How one family is promulgation 13 kids to college, vital debt giveaway — and still skeleton to retire early


Sam and Rob Fatzinger, second and third from right, of Bowie, Md., have 13 children, including, from left, Barbara, Robert, Kolbe, Alex, Mary, Cecelia and Dominic. (April Greer/For The Washington Post)

Sam Fatzinger prowls a aisles of an Aldi grocery store with an engineer’s precision. Workers hail her, mostly by name.

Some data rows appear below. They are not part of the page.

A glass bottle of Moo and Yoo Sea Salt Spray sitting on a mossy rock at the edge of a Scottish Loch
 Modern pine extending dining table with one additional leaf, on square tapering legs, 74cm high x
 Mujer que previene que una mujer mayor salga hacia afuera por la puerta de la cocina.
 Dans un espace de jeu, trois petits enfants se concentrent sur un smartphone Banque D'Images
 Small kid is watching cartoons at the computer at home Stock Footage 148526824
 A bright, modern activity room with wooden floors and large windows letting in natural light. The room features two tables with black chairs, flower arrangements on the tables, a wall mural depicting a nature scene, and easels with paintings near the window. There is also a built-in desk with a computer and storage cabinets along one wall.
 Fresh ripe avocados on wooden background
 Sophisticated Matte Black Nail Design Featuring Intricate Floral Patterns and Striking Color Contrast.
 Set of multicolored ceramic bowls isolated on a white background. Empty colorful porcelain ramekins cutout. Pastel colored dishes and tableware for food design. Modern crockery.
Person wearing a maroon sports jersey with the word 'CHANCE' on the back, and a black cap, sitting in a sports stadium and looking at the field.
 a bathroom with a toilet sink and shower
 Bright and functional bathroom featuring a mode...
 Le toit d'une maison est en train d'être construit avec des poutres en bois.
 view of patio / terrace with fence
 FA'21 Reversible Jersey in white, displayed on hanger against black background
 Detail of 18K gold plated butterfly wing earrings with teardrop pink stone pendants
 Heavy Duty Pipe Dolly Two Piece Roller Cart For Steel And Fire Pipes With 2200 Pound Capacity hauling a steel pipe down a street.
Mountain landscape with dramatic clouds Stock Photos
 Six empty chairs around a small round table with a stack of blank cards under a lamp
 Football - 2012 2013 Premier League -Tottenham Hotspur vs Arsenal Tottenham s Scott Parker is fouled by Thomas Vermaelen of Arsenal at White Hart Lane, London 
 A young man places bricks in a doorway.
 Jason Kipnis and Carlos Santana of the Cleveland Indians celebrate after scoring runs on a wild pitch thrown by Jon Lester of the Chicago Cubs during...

She puts several trays of duck into a outrageous cart. Then it’s on to uninformed blueberries for $1.79 a pint, in February. And she recalls a time a no-frills store had a sale on potatoes: 10 pounds for 99 cents. She bought 60 pounds. Her father loves them.

To get these best buys, “it’s usually examination and watchful and knowing,” Sam says.“Every cent counts.”

At a cashier, her groceries fill any in. of a circuit belt. My wordless guess: $250 in all. The bill: $127, half of my estimate.

Very impressive. But not as substantial as this:

Rob and Sam Fatzinger, lifelong residents of Bowie, Md., lead a single-income family in one of a country’s many costly regions. Rob’s income never surfaced $50,000 until he was 40; he’s now 51 and earns usually north of $100,000 as a module tester.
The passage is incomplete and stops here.